DuPont Co. (DD), the largest U.S. chemical company by market value, is opening a seed plant in Ukraine tomorrow to meet increasing demand in the region that supplies corn and sunflower products.
The facility, with a planned annual capacity of 500,000 units and the potential to expand, cost DuPont $41.5 million, Jeffrey D. Rowe, the regional director for DuPont Pioneer Europe, said in an interview in Kiev today. The central Ukrainian plant will process seeds from this year’s harvest mostly for sale to domestic customers in 2014, Rowe said. Some output may be shipped to Russia.
“We feel that Ukraine is in a great position because of the location, the access to the Black Sea region, the ability to export, the ability to improve productivity on hectares that are in production right now and the ability to bring new hectares into production,” Rowe said.
Ukraine is the world’s biggest supplier of sunflower seed oil and the fourth-biggest exporter of corn in the marketing year ending Sept. 30 after the U.S., Argentina and Brazil, according to the U.S. Department of Agriculture’s statistics. Farmers increased corn plantings for the 2013 harvest by 48 percent to 2.8 million hectares as of May 3, Ukraine’s state statistics office shows.
The seed input will allow Ukrainian farmers to increase exports, “which the world needs,” Rowe said. Ukraine is “in a very good position” for export increase.
DuPont Pioneer, DuPont Co.’s agriculture division, is a market leader in Ukraine in production of corn seeds and the second-biggest producer of sunflower seeds, he said.

Yield Potential

The country, which has 32.5 million hectares of arable land, has “a very good potential to dramatically increase the yields,” and is “a fantastic area” to grow corn and sunflower, he said. Ukraine’s average corn yields fell by more than 25 percent last year to 4.8 tons per hectare because of drought.
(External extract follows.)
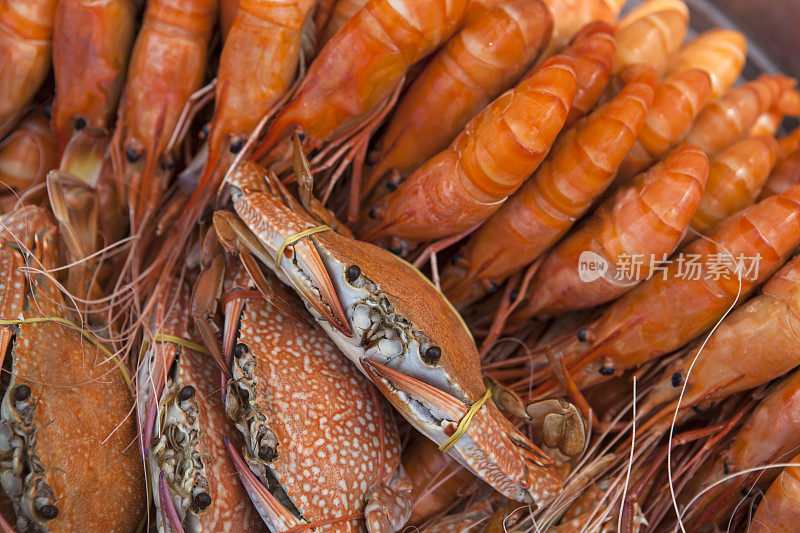 虾和螃蟹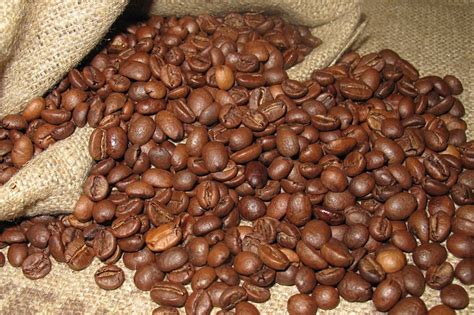 Knowing the Different Varieties of Coffee Beans - Food Corner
DuPont will use its global research to select products for Ukrainian farmers, in particular to supply seeds resistant to drought and heat stress, Rowe said.
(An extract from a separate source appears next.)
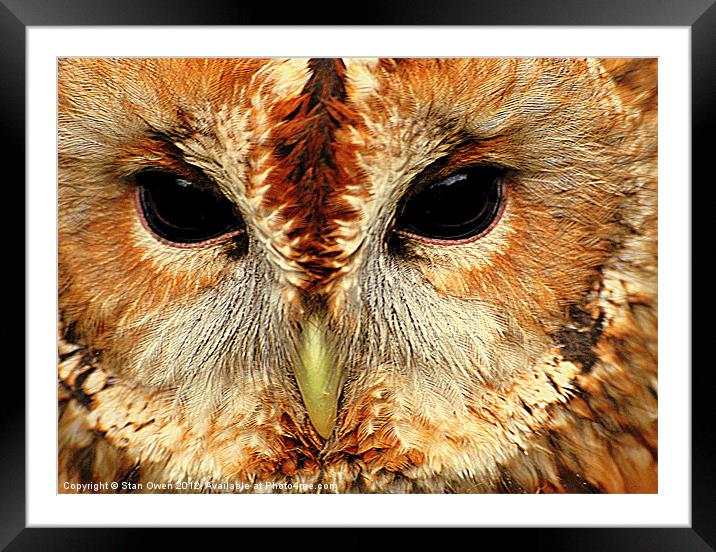 Tawny Owl Framed Mounted Print by Stan Owen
If global commodity prices do not decline further than 15 percent to 20 percent, Ukraine will be increasing corn and sunflower planting areas in the future, Rowe said. He declined to give a forecast for the Ukrainian corn and sunflower harvest.
Macroeconomics for agriculture will continue to stay strong as global commodity prices continue to be “relatively high,” he said.
“I would expect double-digit growth to continue,” Rowe said. DuPont’s sales in agriculture rose 13.7 percent to $10.4 billion in 2012 from a year ago and had a 16.8 percent increase in 2011, according to its website.